Habituation is then ‘a response decrement as a result of repeated stimuli’. Anyone involved in incidents, and both Safety and Resilience Engineering, will tell you that many incidents have been years in the making, and that overtime people stopped paying attention to certain types or aspects of “normal work” because we’ve always done it like this and doesn’t typically lead to catastrophic failure. This also relates to the concept of “normalization of deviance”, which the Space Shuttle Challenger accident is the usual “poster child” on the type of catastrophic effects it can lead to over time.
There will likely be activities which are part of normal work in our organisations which can one day lead to a “perfect storm” of conditions or sequence of events which can lead to serious incidents or breaches, but in order to even begin to understand and manage those, we need to understand what normal work looks like, and that’s unfortunately not something most security professionals do (either by lack of skill, training or even at the most basic level, them/us not seeing it as our jobs).
Let me illustrate this with an example of not understanding “normal work”. I’ve seen companies spend loads of resources in licensing and training to add lots of security checks at the IDE level when engineers are developing code, and doing this upfront committing to significant resources (money and attention) to make such transformation successful. But they failed to realise that many engineers have an habit of hitting “Ctrl+s” or whatever key combo their IDE of choice has, to save their code every time they write a couple of lines of code, and that those security checks then get triggered every 10-30 seconds having a SIGNIFICANT impact to their productivity, and what WILL happen is that engineers over time will disable those security plugins because that security control is not considerate of what normal work looks like.

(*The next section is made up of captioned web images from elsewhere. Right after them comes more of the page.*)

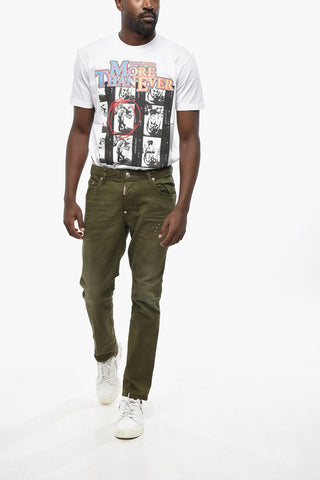 Denim Stretch Jeans SKATER with Paint-Effect Details 16cm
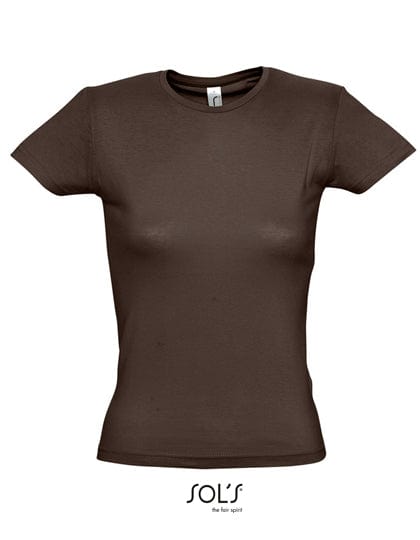 Epic Label T-shirts Sol´S L225 T-Shirt Femme Mademoiselle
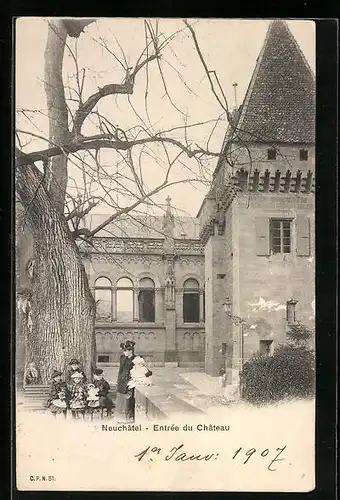 AK Neuchâtel, Entree du Chateau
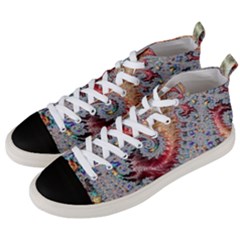 Fractal Artwork Design Pattern Men s Mid-top Canvas Sneakers by Wegoenart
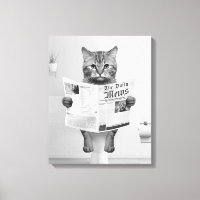 Amoureux des chats Art mural de salle de bain, Cha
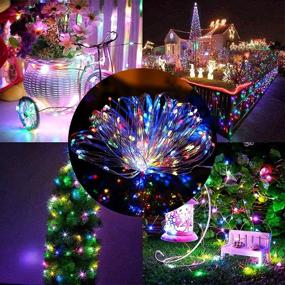 img 1 attached to 🎄 33ft 100 LED Battery Operated Twinkle Star Christmas Fairy Lights – Waterproof Silver Wire String Light, Remote Control & 8 Modes – Ideal Indoor/Outdoor Xmas Tree Wedding Party Decorations – Multicolor, 1 Pack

In Complexity terms, and as Dave Snowden (creator of Cynefin framework) usually says “when you over constrain a system that is not naturally constrainable, you’ll get gaming behaviour” and people will find ways around it.
Sharp-end and Blunt-end
If we’re serious about understanding how “things go right”, the sharp end (sometimes referred to work-as-done) and people at the sharp end (engineers) know that in order to get that feature shipped, they have to continuously adjust what they do to the situation (variability is understood and expected). But in our world of security processes and procedures (thee blunt end), the work is seen as quite different in that there’s an assumption that all pieces of work is discretely repeatable and that there’s no need for continuous daily adaptation to what the situations require (this is work as imagined), and we tend to assume what people do or should do. Which also leads to the lazy problem of attributing incidents to human error or lack of following procedures as “the mother of all problems”, because our processes and procedures cannot possible “anticipate all the possible conditions that can exist”. When we find differences between work as imagined and work as done, we have a convenient way to explain any and all possible things that went wrong.
As such, we need different ways of framing our challenges and problems so it can lead us to different solutions and approaches.

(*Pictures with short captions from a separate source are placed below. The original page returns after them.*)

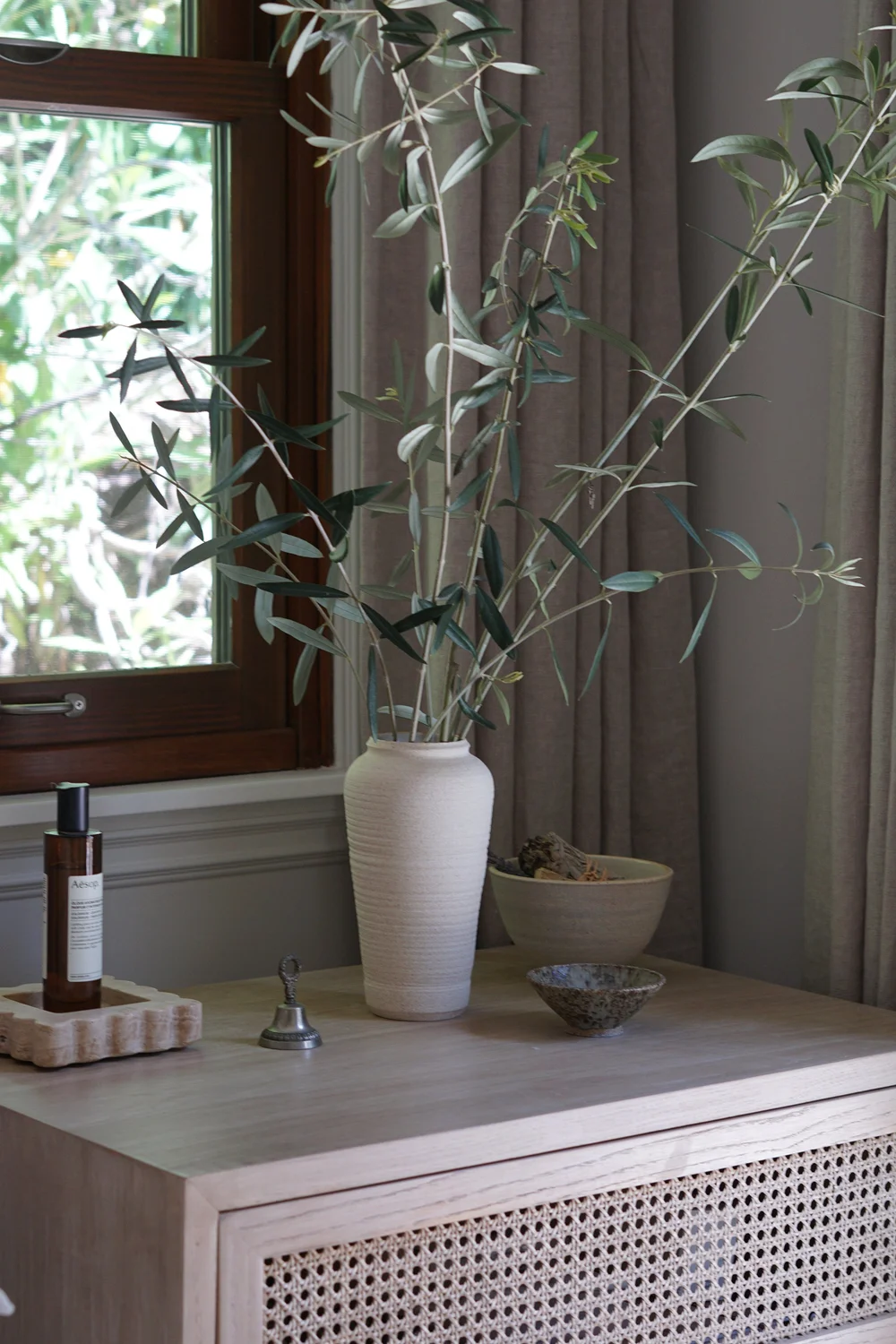 white sand vase — ADI BEN-AMI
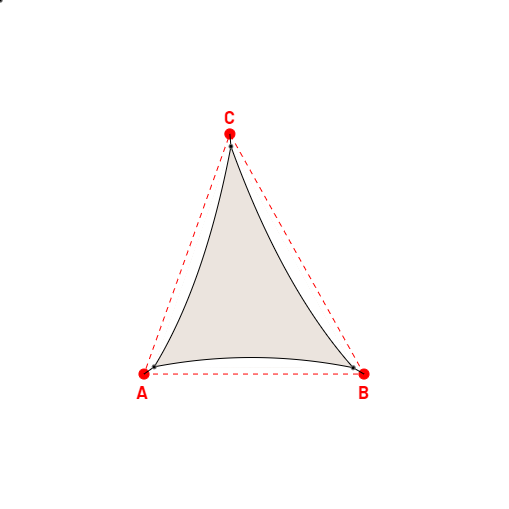 Voile d'ombrage triangle en Soltis Lounge 96 Karité 96-50843 - 3,98x5,05x4,66m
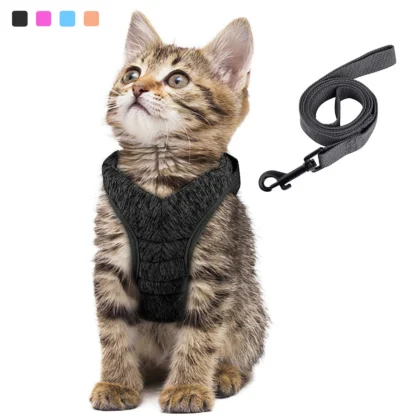 Adjustable Cat Harness and Leash Set | PetPal365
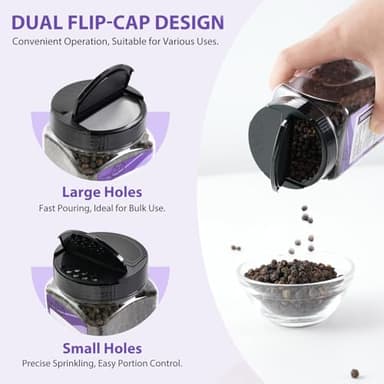 Soeos Whole Black Pepper, 9.5 Ounce (270g), Non-GMO, Kosher Certified, Whole Peppercorn Perfect for Grinder, Black Peppercorns Ideal for Red Meat, Chicken, Fish - Image 9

the traditional human factors perspective is based on comparing humans to machines […]
It describes the world as seen from the blunt end, many steps removed from the actual workplace – both geographically and in time.
If these assumptions are correct then any variability in human performance is clearly a liability and thte resulting inability to perform in a precise (or machine-like) manner is a disturbance and potential threat
And this won’t get better until we stop blaming our users for security outcomes. Not that there aren’t malicious users out there, they do exist, but because it’s not a useful frame to improve the resilience of our organisations. As Nancy Leveson says “a system which fails on human error is a system in need of re-design”.
Safety-I -Avoiding things that go wrong (Cyber-I?)
To finish this blog post, Hollnagel termed ‘Safety-I’ as defining safety as a condition where the number of adverse outcomes (accidents/incidents/breaches) is as low as possible, which in practical terms means “as low as we can afford it” considering cost, ethic, public opinion, contractual and regulatory obligations etc. And with this framing, we have but 2 states: everything works or something fails. So we have 2 strategies to deal with Safety or Cyber Security with this framing: find and fix what can go wrong or prevent transitions from “normal” to “abnormal” states typically by adding controls or mitigations.
This leads us to Reactive management of Cyber Security or Safety, where we first measure harms (by way of risk assessments), understand their causes, identify solutions, evaluate impacts and then improve the care being provided
The unintended consequence of this framing is that Cyber Security is but a cost, as it will be seen as competing for resources with other areas (production, development, marketing, etc), and “investment in safety [and cyber] are seen as necessary but unproductive costs” and we often find it hard to justify or sustain them. If we haven’t been breached, why invest to prevent breaches ? and this accounting attitude is somewhat justifiable, because in Safety-I we focus on preventing adverse outcomes and as such competing with productivity.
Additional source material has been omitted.